The match will be a part of a two-game series with Japan. The first game will be played on May 20 at a site to be announced in the near future. The games will mark the first international matches during the inaugural WPS season, which begins March 29. Several Japanese players will also be playing in the league this year.
“These will be interesting games, not only because my coaching staff and I will get the chance to watch many players in the WPS before picking our roster, but also because of the way Japan played during the Olympics,” said U.S. head coach Pia Sundhage. “The way they move the ball around is to be admired and emulated and, I am sure these will be very entertaining matches for the fans and the players.”
The U.S. team has played just one match in its history in Utah, a 5-0 victory against Ireland before nearly 20,000 fans at Rice-Eccles Stadium in 2003. This will be the first visit for a U.S. National Team to the gleaming new Rio Tinto Stadium, which opened just last October. The U.S. Men will play their first match there on Sept. 5 in a FIFA World Cup qualifier against El Salvador.
The USA and Japan have had a long history dating back to 1986, the second year of the U.S. program’s existence. The USA played Japan in the 1991 and 1995 FIFA Women’s World Cups as well as the quarterfinal stage at the 2004 Olympics. Of course, the two matches at the 2008 Olympics were among the best between the two countries. Japan has never defeated the USA, but tied three straight matches played between 2000 and 2004.
Japan will likely feature its all-time greatest player, midfielder Homare Sawa, who is playing for the Washington Freedom in WPS. Midfielder Aya Miyama (Los Angeles Sol) and forward Eriko Arakawa (FC Gold Pride) also had excellent Olympic tournaments in China.

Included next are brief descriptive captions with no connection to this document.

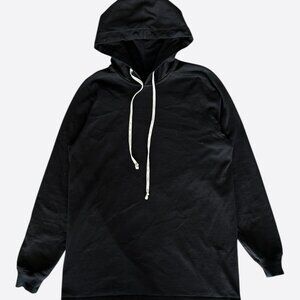 Rick Owens Black Peter Hoodie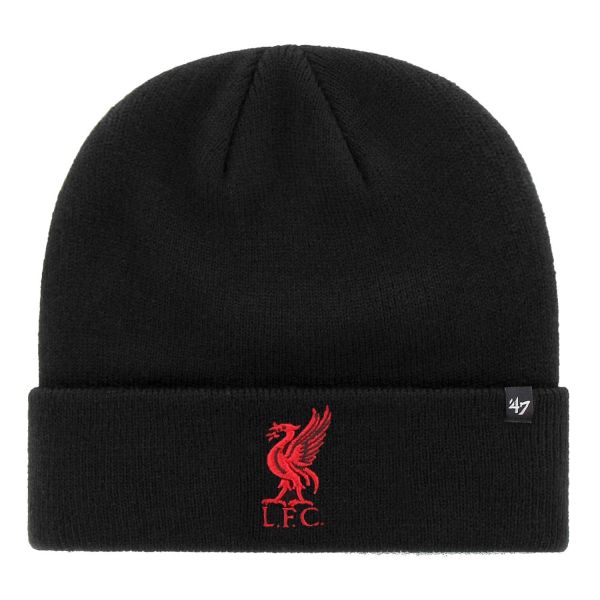 47 Brand CUFF Knit Beanie - FC Liverpool black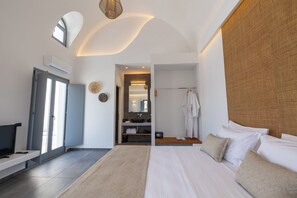 1 habitación, ropa de cama de alta calidad y minibar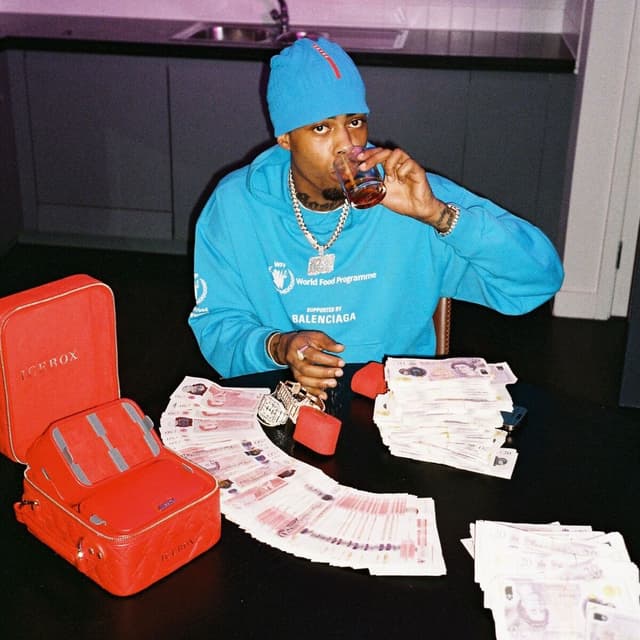 Album cover art for SHE'S ON ONE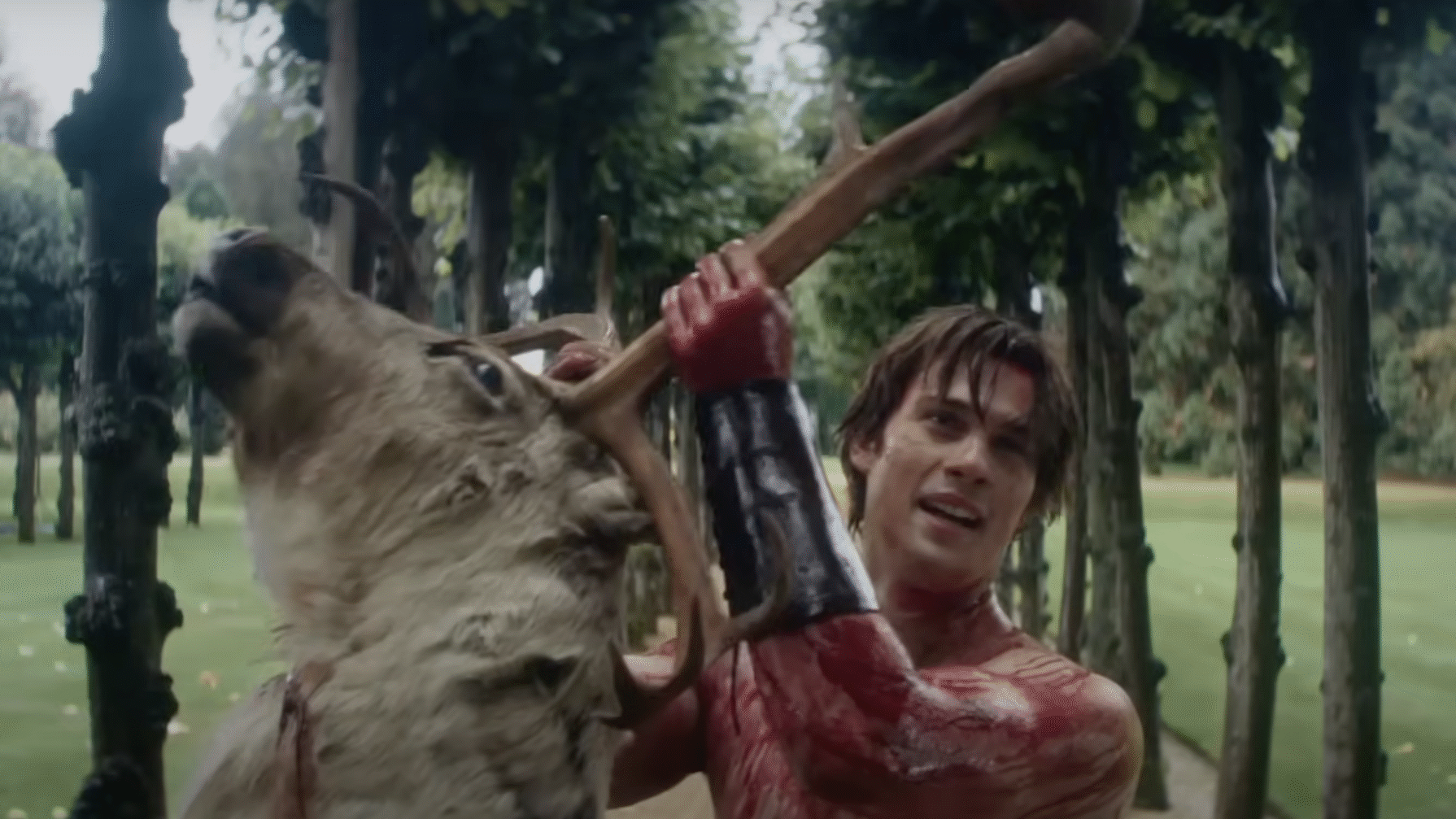 Nicholas Galitzine for ’100 Nights Of Hero'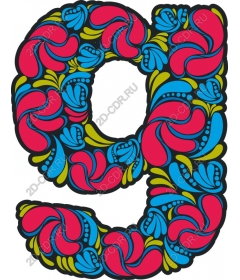  Flower figure 9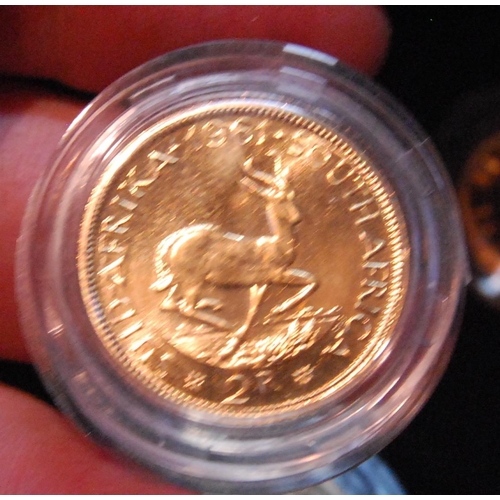 80 - The South African Mint Historic Gold Collection by the Royal Mint at Pretoria comprising a George V ...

The U.S. team just completed another run to the final of the prestigious Algarve Cup, where Sweden edged out the Americans on March 11 in penalty kicks after a 1-1 tie in regulation. At the tournament, the U.S. posted victories against Denmark, Iceland and Norway as Hope Solo was named the tournament’s top player, allowing one goal in four games. The U.S. Women are scheduled to play two more domestic matches in July, which will be announced in the near future, and after that, will not come together again until after the WPS season.